Other uses of Big Data for supporting student learning can be seen in the work of Althbiti et al. (2021), who introduced PAARS (Personalised Academic Advisory Recommender System), an automated recommender system for courses that helps students with course selection. The students can input their research area or learning objectives, and the system provides a list of recommended courses based on content-based filtering algorithms and ensemble learning algorithms. Another example of miscellaneous use is Park and Jo (2015), who developed a learning analytics dashboard called LAPA (Learning Analytics for Prediction & Action), which supports students learning by informing them of their online behaviour.
Dawson and Hubball (2014) developed and implemented a curriculum analytics tool that visualises the connections between courses in a curriculum network. The tool can analyse individual student learning pathways and identify dominant student pathways or curriculum pathways that impede/promote timely completion. Similarly, Hilliger et al. (2020) present a tool that generates reports of attained competencies at the course and program levels. In a different paper, Barb and Kilicay-Ergin (2020) evaluate the curriculum coherence of the Information Science programme by identifying academic overlaps and gaps using ontologies and natural language processing.
Other uses include examining if students engage with the learning materials as intended. For example, Nagi (2019), Alachiotis et al. (2019), Ayub et al. (2017), and Llopis-Albert and Rubio (2021) extracted learning analytics from the learning management system to examine if students were engaging with the assigned hands-on activities (e.g., participation in quizzes, visits to the platform), while Harindranathan and Folkestad (2019) examined whether student behaviour in terms of quiz taking was aligned with the intention of the instructional design by extracting and analysing Canvas quiz log data. Similarly, Baralis et al. (2017) set out to find out whether the planned objectives of the educational video service, such as appreciation (number of accessed courses), effectiveness (as reflected in the correlation between use and performance) and flexibility, were reflected in the users’ behaviour. In addition to examining the use of video recordings, Sarsfield and Conway (2018) also looked at potential differences between subgroups of students and modules in terms of usage. To examine if there are differences in learners in the use of practical vs theoretical resources, Braccini et al. (2021) looked at 2,000,000 records while reviewing the visible (i.e. how many times a user replied to a post by a different user) and invisible interaction (i.e. how many times a user read a message by another user) of students, Hernández-García et al. (2016) extracted and analysed data from the LMS (~ 114,756 records).

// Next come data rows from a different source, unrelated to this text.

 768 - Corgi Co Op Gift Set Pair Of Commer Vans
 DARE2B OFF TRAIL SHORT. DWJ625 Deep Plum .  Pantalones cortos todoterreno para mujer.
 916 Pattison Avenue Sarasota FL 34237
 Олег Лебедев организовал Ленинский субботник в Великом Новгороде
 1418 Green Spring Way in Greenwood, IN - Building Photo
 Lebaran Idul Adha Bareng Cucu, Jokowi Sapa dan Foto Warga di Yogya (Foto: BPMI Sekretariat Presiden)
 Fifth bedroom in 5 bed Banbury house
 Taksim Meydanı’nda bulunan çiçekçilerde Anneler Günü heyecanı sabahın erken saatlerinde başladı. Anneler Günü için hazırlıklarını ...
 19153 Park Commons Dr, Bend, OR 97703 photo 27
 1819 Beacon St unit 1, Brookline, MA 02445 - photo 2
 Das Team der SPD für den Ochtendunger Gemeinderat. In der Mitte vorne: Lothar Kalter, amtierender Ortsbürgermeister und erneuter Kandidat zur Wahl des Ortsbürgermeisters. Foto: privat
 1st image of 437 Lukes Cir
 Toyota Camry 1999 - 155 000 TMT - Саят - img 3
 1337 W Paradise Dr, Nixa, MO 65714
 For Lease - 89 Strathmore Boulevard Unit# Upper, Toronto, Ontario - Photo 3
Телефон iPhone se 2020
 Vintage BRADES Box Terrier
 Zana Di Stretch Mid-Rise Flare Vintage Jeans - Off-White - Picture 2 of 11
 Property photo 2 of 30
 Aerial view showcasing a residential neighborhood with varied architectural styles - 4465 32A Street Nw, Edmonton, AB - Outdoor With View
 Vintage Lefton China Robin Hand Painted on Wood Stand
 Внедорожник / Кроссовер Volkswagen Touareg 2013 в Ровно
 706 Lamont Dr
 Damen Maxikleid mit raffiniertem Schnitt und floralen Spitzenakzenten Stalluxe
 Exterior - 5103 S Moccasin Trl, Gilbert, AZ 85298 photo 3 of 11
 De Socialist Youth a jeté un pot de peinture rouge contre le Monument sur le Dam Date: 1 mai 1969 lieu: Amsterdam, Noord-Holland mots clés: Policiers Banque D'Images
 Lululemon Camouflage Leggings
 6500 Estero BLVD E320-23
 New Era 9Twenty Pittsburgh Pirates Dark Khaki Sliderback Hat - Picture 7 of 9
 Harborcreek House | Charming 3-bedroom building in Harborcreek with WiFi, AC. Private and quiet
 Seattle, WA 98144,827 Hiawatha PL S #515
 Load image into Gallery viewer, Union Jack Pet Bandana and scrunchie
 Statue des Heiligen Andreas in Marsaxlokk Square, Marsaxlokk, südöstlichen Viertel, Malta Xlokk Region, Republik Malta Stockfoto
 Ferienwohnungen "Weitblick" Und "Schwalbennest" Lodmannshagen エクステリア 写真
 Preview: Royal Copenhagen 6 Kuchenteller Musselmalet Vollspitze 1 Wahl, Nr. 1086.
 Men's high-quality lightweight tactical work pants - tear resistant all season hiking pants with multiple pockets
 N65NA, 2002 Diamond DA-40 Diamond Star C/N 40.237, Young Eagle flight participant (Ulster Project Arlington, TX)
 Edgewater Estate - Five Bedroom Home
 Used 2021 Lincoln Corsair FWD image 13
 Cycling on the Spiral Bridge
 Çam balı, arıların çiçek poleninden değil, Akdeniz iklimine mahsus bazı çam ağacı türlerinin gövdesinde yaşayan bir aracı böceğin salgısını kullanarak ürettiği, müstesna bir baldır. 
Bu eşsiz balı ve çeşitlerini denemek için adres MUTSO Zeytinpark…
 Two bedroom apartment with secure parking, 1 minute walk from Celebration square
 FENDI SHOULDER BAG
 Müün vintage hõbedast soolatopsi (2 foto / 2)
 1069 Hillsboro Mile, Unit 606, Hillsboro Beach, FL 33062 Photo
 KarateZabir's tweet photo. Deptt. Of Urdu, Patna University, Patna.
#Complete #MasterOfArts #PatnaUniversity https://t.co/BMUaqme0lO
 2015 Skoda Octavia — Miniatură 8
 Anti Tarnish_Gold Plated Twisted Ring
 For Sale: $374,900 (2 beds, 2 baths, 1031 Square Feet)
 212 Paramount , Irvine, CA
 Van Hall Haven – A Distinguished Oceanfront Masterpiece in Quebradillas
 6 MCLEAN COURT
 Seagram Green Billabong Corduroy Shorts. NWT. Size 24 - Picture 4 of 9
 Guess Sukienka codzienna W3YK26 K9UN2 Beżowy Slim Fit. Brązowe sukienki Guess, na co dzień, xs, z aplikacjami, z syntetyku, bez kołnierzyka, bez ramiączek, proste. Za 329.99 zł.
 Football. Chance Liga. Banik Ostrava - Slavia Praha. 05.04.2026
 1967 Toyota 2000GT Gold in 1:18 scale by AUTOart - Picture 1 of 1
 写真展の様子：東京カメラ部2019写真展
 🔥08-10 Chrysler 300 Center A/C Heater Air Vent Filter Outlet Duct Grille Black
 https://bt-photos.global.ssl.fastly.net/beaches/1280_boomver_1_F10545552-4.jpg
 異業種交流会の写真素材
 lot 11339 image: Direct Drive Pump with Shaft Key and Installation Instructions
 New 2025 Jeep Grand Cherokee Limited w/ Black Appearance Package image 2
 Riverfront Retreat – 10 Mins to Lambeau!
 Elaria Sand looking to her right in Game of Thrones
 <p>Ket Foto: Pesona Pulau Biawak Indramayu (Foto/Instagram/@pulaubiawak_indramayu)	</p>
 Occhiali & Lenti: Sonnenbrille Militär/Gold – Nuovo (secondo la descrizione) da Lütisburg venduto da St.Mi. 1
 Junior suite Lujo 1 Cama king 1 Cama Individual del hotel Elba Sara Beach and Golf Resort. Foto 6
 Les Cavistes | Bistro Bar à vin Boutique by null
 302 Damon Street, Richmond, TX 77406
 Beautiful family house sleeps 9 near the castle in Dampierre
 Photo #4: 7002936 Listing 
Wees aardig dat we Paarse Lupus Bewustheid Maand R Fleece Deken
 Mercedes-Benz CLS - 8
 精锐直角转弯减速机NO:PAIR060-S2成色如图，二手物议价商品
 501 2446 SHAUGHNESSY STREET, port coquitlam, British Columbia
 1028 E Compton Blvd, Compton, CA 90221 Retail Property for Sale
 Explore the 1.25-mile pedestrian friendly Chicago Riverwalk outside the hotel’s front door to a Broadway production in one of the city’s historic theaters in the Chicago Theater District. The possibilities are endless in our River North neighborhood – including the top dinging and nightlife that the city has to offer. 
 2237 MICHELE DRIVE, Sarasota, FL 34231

Examples of miscellaneous use include Beasley et al. (2021), who analysed peer review text from two visualisation courses (~ 4,687 reviews in total) using sentiment analysis and Gottipati et al. (2017), who present a learning analytics tool that analyses qualitative data by extracting the sentiments of the feedback that students leave at the end of the course.
To capture the effectiveness of peer instruction compared to traditional teaching, Kuromiya et al. (2020) chose the number of access to Moodle content, Moodle quizzes, Moodle forum and Moodle resources as engagement indicators. They compared these indicators for periods when three teachers held traditional lectures vs peer instruction (intervention period).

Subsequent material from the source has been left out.